Should I use a Filler?
When handloading for cartridges designed for smokeless powder, the general answer is no. The best solution is to use bullet/powder combinations that provide good case fills and that have been tested in a laboratory environment.
When loading older rifle cartridges, load guides will stipulate when a wad or filler is used. Following this data should produce safe loads.
Utilize tested data using Accurate 5744 if available for reduced loads or antiquated cartridges.
When using fillers, develop the load from a lowered starting point and work toward the desired velocity.
For commonly used pistol cartridges like the 45 Colt and the .38 Special, which have large capacities and low SAAMI pressure guidelines, it is best to stick with published loads using the most voluminous powders available. If denser powders are used, increasing the charge weight within published guidelines will limit the differences between maximum and minimum pressures created by powder orientation within the case. The safest route is to avoid extremely light loads.
If you choose to shoot the lightest loads possible, below the guideline minimums, be sure to account for each shot fired because the threat of a squib load is very real.

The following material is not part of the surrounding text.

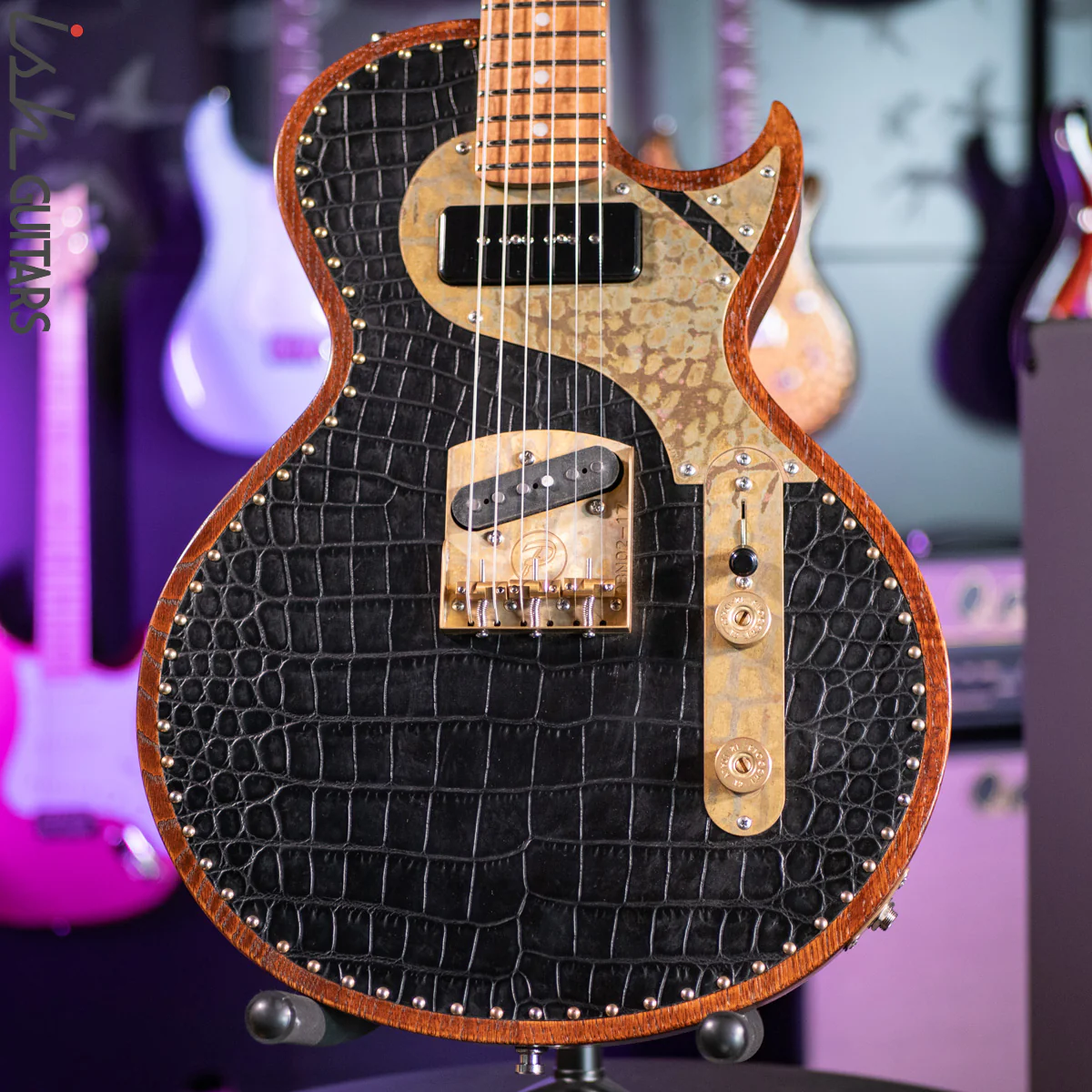 2021 Paoletti Richard Fortus Signature Black Leather Top Jr (PWHBJ01RF)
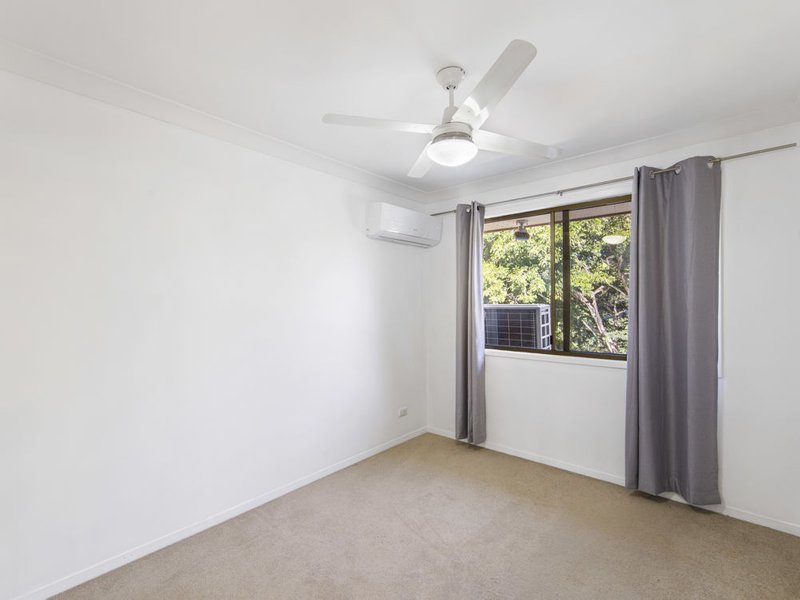 Photo - 50 Tanager Street, Albany Creek QLD 4035 - Image 7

Powder migration within large cases by small amounts of powder can account for many unexpected problems experienced with reduced loads. Be aware that loads using small charges often exhibit different pressures created by changing powder orientation within the cartridge. Use of a filler will control these fluctuations, but will do so by forcing powder against the primer which increases pressures. Always develop reduced loads with the filler in place if it is to be used at all. Be careful of extremely light loads, that when paired with powder-forward orientation may result in a squib load and a stuck bullet. And finally, use published data whenever possible. Let us experiment with pressure and you can enjoy the results.
Take care and good shooting.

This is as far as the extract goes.